Britain and Argentina went to war over the islands in 1982, with the loss of about 900 lives. British troops prevailed over an Argentine invasion force but Buenos Aires never abandoned its claim over the islands.
The Argentine campaign for return of the Falklands to Argentina gained momentum last year after a British oil prospecting firm unveiled plans for extensive drilling of the basin.
Backed by the British and Falklands governments, Desire Petrolum and Falklands Oil and Gas announced they would go ahead with plans to exploit the Falklands’ hydrocarbon resources, believed to be the world’s largest after Saudi Arabia’s reserves.
British media speculated the renewed row over the Falklands’ ownership could be a precursor to a new military conflict. Argentina has been canvassing for international sympathy and last week won Latin American support at the Cancun summit of Central and South American leaders. Buenos Aires has also canvassed for U.N. intervention in a bid to halt oil prospecting.
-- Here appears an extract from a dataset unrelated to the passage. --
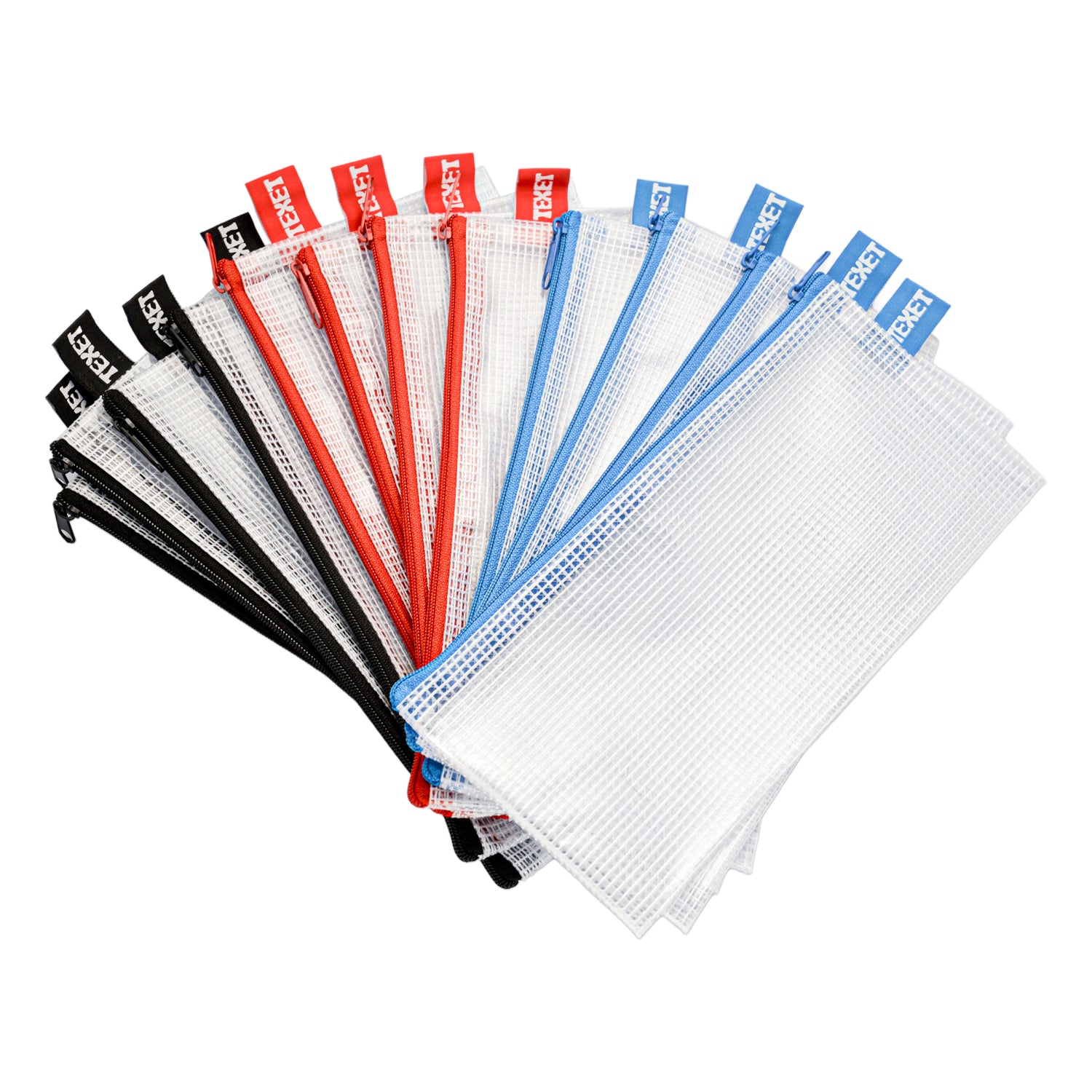 Mesh Tuff Bag Pencil Case, Pack of 12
Analysts said Argentina has been shopping for weapons and set about regenerating its armed forces. Before the row over the oil drilling reignited the Falklands crisis the Argentine military had been lobbying for funding to revamp their arms inventories but failed to get government funds amid an economic slowdown.
The continuing turmoil over the farm strikes and the government’s quarrel with the Central Bank put the military’s demands for funds on the back burner — until the Falklands row took on the center stage again.
Argentina’s threat of sanctions against shipping and oil firms that trade with the Falklands has raised the temperatures in the South Atlantic politics, renewing questions about Argentina’s next moves when the drilling for oil gains momentum in the spring.
BHP Billion holds 14 exploration and production licenses with Falkland Oil and Gas and has announced plans to begin drilling within the next four months. Analysts said the drilling operations could be a major test for Argentine President Cristina Fernandez de Kirchner.
U.S. Secretary of State Hillary Clinton, due to visit Argentina this week, will face demands from Fernandez to try and dissuade Britain from going ahead with the oil drilling, Argentine media reported.
Fernandez has been openly critical of the Obama administration but analysts said the criticism was designed to extract a more sympathetic U.S. approach over the Falklands dispute.
U.S. officials have said the Obama administration will remain neutral on the Falklands and will not be drawn into the dispute.
However, last month’s Cancun summit of Central and South American leaders declared sympathy with Argentina and also delivered a diplomatic rebuff to Washington by excluding Canada and the United States from a planned new political bloc. The new strategic group was set up as an answer to the Organization of American States, which has its headquarters in Washington.